Items from a data source
--*--
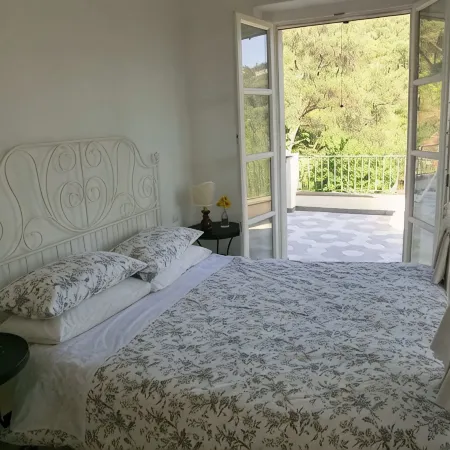 Casa Bianca Comfortable holiday residence Отели в г. Кьявари
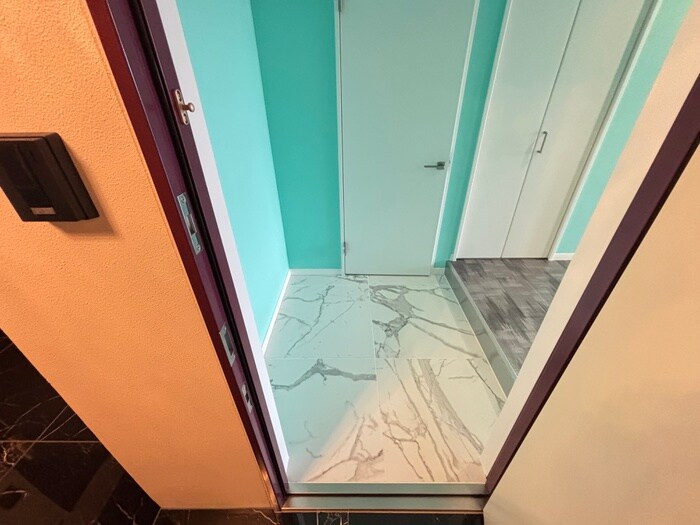 物件内観写真14　(玄関)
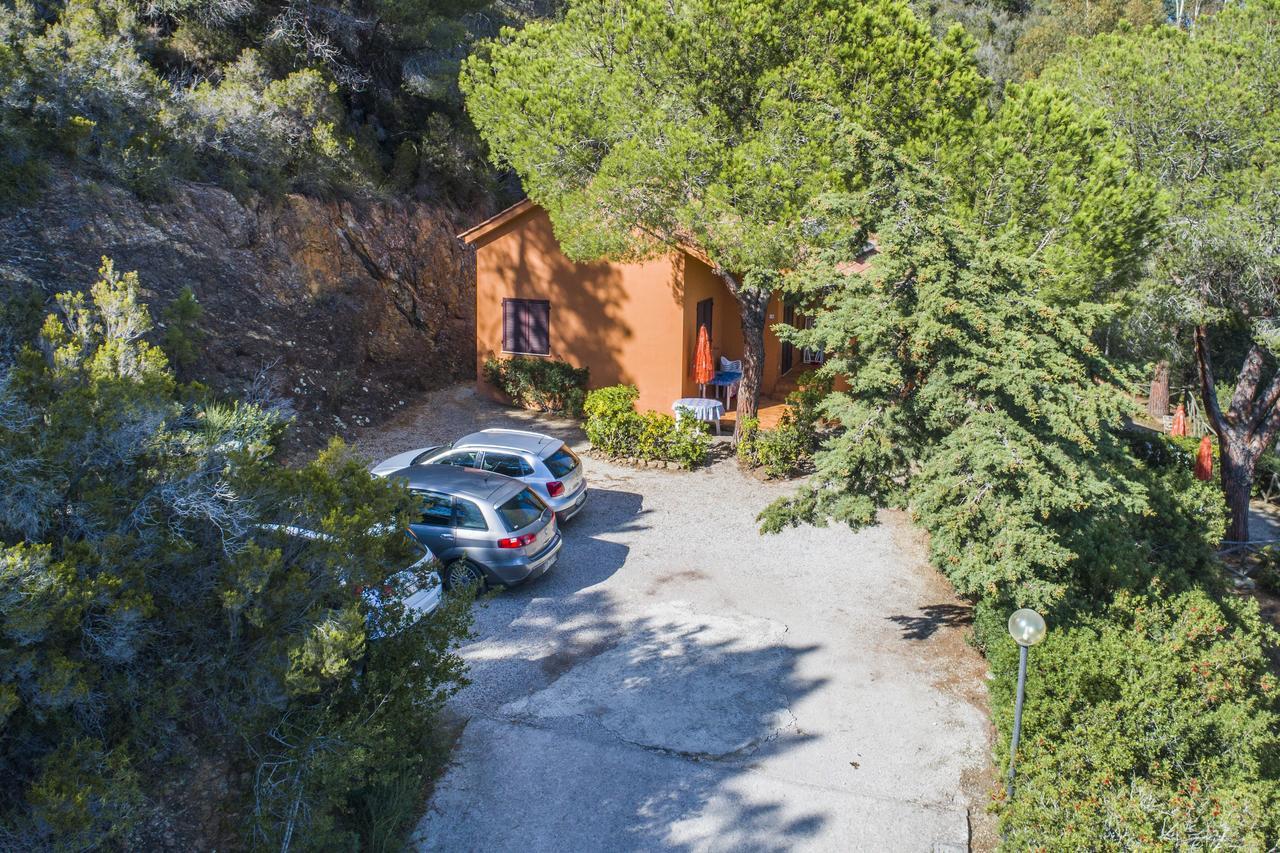 Residence Sud Est Porto Azzurro Εξωτερικό φωτογραφία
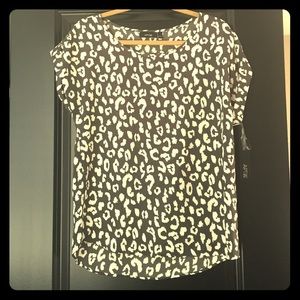 Flowy Leopard shirt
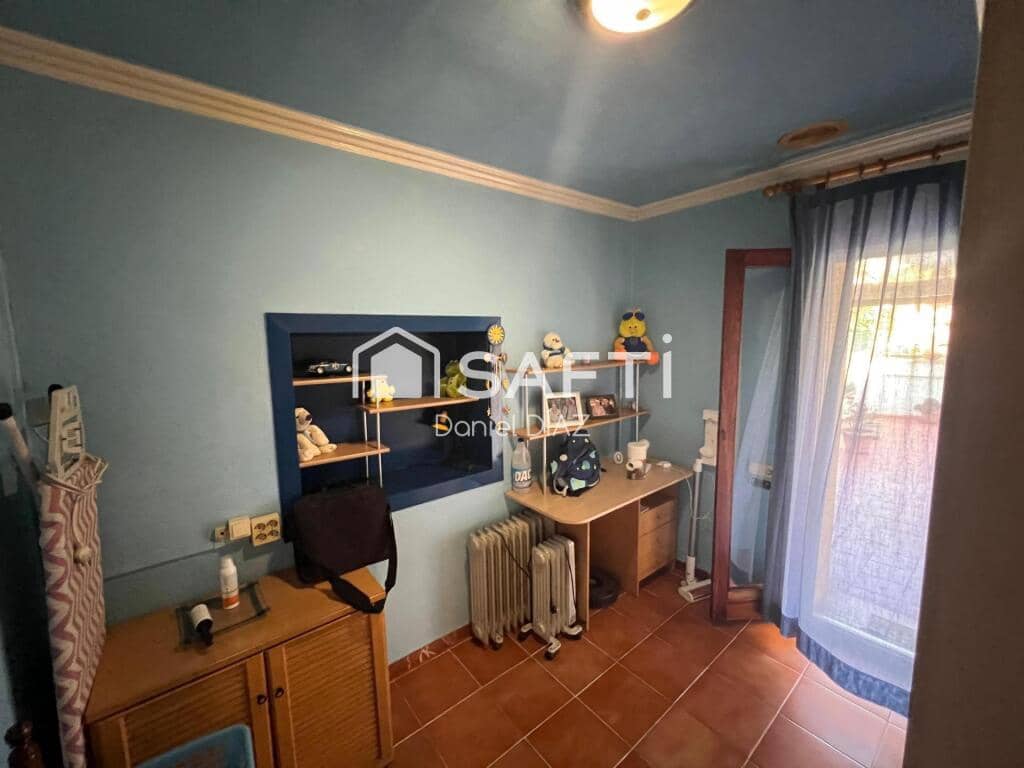 5 soveværelse Finca/Landehus til salg i Macanet de la Selva med garage - € 320.000 (Ref: 9415782)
--*--
Task statement> Give back the records above word for word, minus any image they hold.

Response box>
 Casa Bianca Comfortable holiday residence Отели в г. Кьявари
 物件内観写真14　(玄関)
 Residence Sud Est Porto Azzurro Εξωτερικό φωτογραφία
 Flowy Leopard shirt
 5 soveværelse Finca/Landehus til salg i Macanet de la Selva med garage - € 320.000 (Ref: 9415782)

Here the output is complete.